A wonderful command-line utility for AUR package management which is written in golang is Y.A.Y. (yet another yaourt aur package manager)

yay should be included in the skyalarm image, but lets's assume for a moment that you don't have yay.
What do you do? Here is the simple 3 step process of making a package from the Archlinux User repos.

```
wget https://aur.archlinux.org/cgit/aur.git/plain/PKGBUILD?h=yay
mv PKGBUILD?h=yay PKGBUILD
makepkg -scif
```

You will be prompted for the sudo password to install yay, once it is built.

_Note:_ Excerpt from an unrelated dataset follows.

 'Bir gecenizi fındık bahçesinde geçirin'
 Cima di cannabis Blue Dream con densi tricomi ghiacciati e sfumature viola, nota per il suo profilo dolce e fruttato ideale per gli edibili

When that has taken place, yay will do what you just did for you (from now on).

To install skywire

```
yay -S skywire
```

I have just today updated the PKGBUILD for skywire to include the system.d services.

```
sudo systemctl start skywire-manager
```
starts the node and manager.

```
sudo systemctl start skywire-node
```

starts a node pointed at 192.168.0.2

If you have a different manager IP address for your DIY setup; edit the script at /usr/bin/skywire-node-miner with the IP address of your manager instance.


BUT WAIT, THERE'S MORE!

```
yay -S skywire-mainnet
```
run a node on the mainnet. After installation with the above command; run the setup with
```
skywire-setup
```

Or, run a skycoin node:

```
yay -S skycoin

```

I have also packaged cx, cxo, and the skywire-discovery server.

UPDATING
For now, the package version for skywire is autogenerated at the time of the build.
To update, simply reinstall the package. You will get the latest commits from either master or mainnet.


CONFIGURING LOCAL PACKAGE REPOS

Something you can do for bootstrapping or to update faster is to make a repository for built packages.
They can be built once and installed on every board rather than having to pull the sources from github and build for each board.

To do this, probably the simplest way, use darkhttpd to serve the directory containing your package repo.
Build the package with one board, then put the built package in that directory. I recommend signing the packages you create; then use the repo-add tool to create your package repo

You can configure pacman.conf to include your repo, take a look at skytergos repo on my github and feel free to message me if you have any questions.